North Sea-Baltic Sea regional models:
coupling of ocean and atmosphere a through a dynamic wave interface


The coupling of models is a commonly used approach when addressing the complex interactions between different components of earth system. In climate and forecasting research and activities, advanced models are needed and there is an urge towards the use of coupled modelling. This study presents the developments and implementation of a high-resolution, coupled model system for the North Sea and the Baltic Sea, as a part of the Geestacht COAstal model SysTem GCOAST. We focus on the nonlinear feedback between strong tidal currents and wind-waves, which can no longer be ignored, in particular in the coastal zone where its role seems to be dominant. Ocean waves influence the circulation through number of processes: (1) The Stokes-Coriolis forcing; (2) Sea state dependent momentum flux; and (3) Sea state dependent energy flux.
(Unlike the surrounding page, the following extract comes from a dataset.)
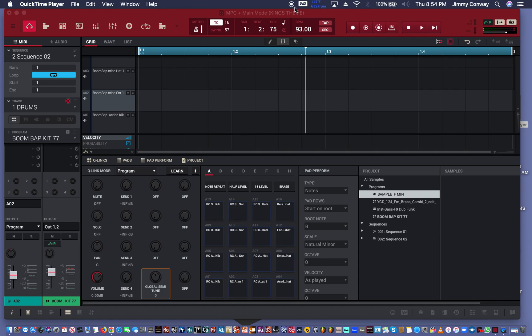I'm gonna try to make a boom bap beat using just the MPC software and MPC Studio Mark II. We're gonna start this video with just a one bar sequence, start with a basic drum pattern and build off of that. Then we're gonna add the sample, we may add a bass line, a little melody, but I'm trying to keep this under 15 minutes so that you'll stay engaged.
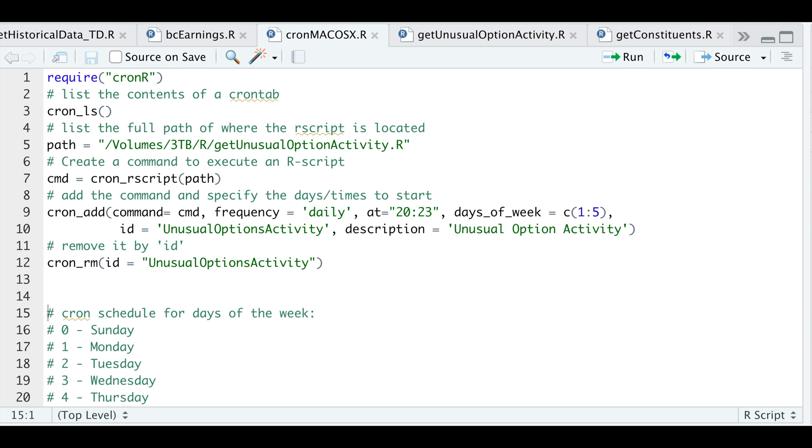Hey guys, welcome back to the channel. Today I'll be showing you how to automate R scripts on macOS.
The proposed wave-atmosphere coupling parameterizations account for the feedback between of the upper ocean on the atmosphere by accounting for the effects the sea surface roughness. Sensitivity experiments are performed to estimate the individual and collective role of different coupling components. The performance of the coupled modelling system is illustrated for the cases of several extreme storm events. The model comparisons with data from new satellite altimeter and in-situ observations showed that the use of the coupled models reduces the errors, especially under severe storm events. For example, the inclusion of wave coupling leads to decreases strong winds through wave dependent surface roughness or changes sea surface temperature, the mixing and ocean circulation; leading to better agreement with  in-situ  and satellite measurements, especially in the coastal areas. The wave-induced forcing in the circulation model leads to surge simulations closer to observations during extremes. All this justifies the further developments and implementation of the wave model component in coupled model systems for both operational and climate research and development activities.